DriveSurge Hijacks Thousands of Sites for ClickFix and FakeUpdate Malware Campaigns

A threat actor known as DriveSurge operates large-scale malware distribution campaigns by compromising thousands of legitimate websites and redirecting visitors to malicious infrastructure using ClickFix and FakeUpdates techniques. The actor functions primarily as an initial access broker operating on a pay-per-install model, enabling follow-on attacks through a traffic distribution system called zTDS that profiles visitors and selects appropriate lures. FakeUpdates prompts impersonate browser updates for Chrome, Firefox, Edge, and other browsers, while ClickFix attacks involve deceptive PowerShell commands.

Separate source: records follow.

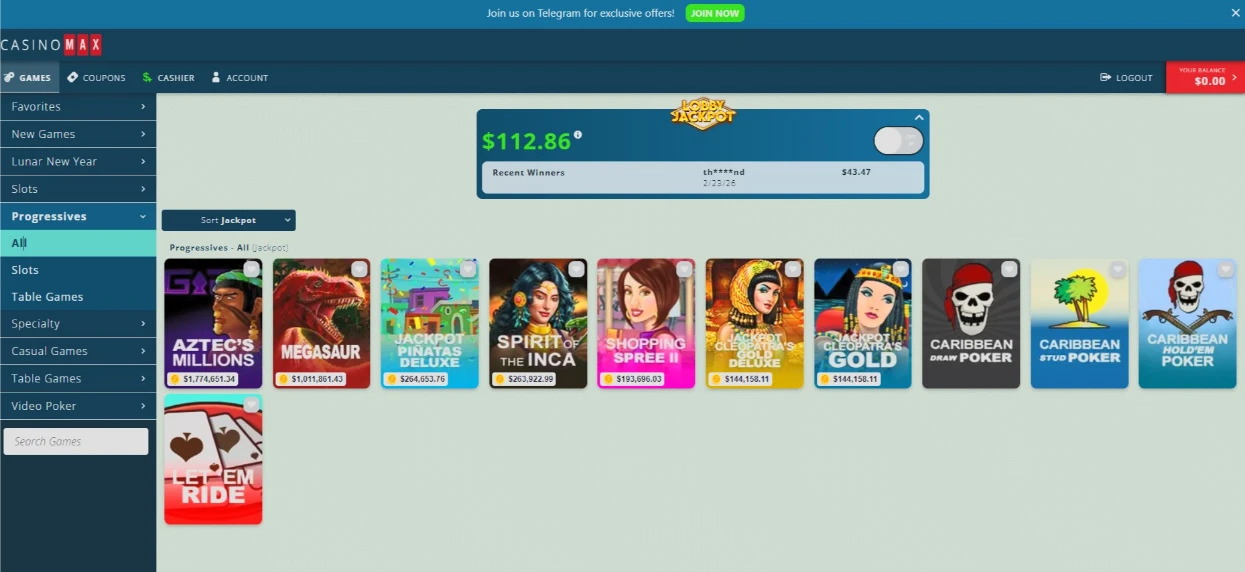 CasinoMax Progressive Jackpot Slots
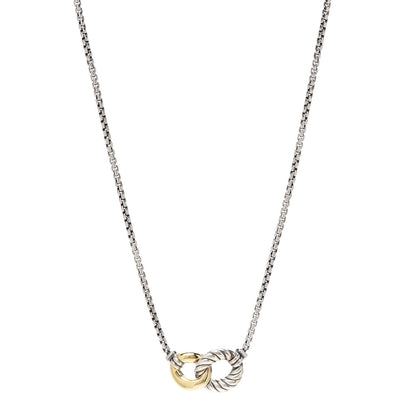David Yurman Sterling Silver 18K Yellow Gold Belmont Pendant Necklace 1 of 4
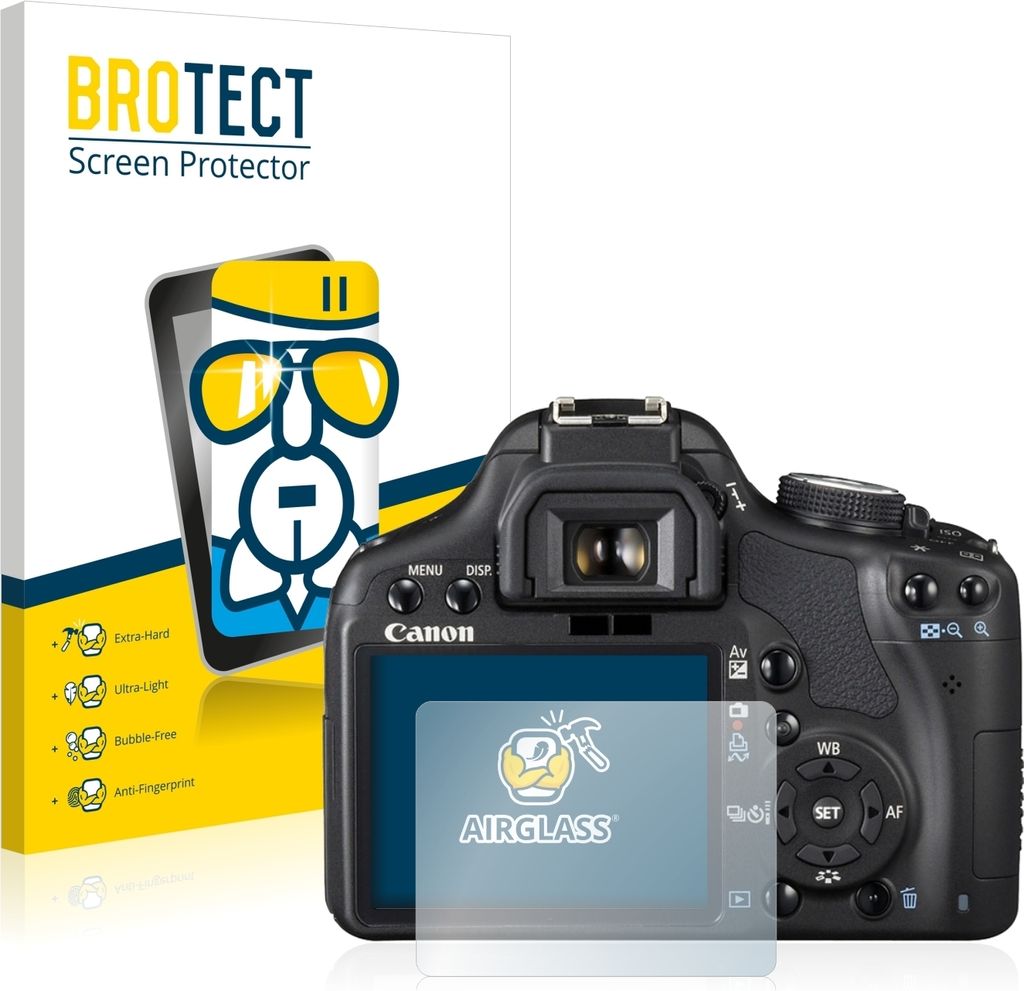 BROTECT Schutzglas für Canon EOS 500D Schutzfolie Panzer Folie Glas Display Schutz klar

Silent Push researchers identified a JavaScript injection pattern following t.js?site=ID as a key fingerprint across compromised sites. One example involved a fake Firefox update delivering a ZIP archive containing DLLs and a malicious executable named Browser Update.exe. The researchers discovered over 80 malicious injection domains and a set of pre-weaponized domains not yet used in attacks.

The campaign also includes obfuscated JavaScript targeting macOS systems through clipboard-hijacking ClickFix attacks, indicating the operation extends beyond Windows. zTDS, an open-source traffic distribution system existing since at least 2015, has been used by DriveSurge since September 2025. Users are advised to download browser updates only through official settings menus and avoid executing unfamiliar commands in command prompts or terminals. The compromises occur without website owners' or visitors' knowledge.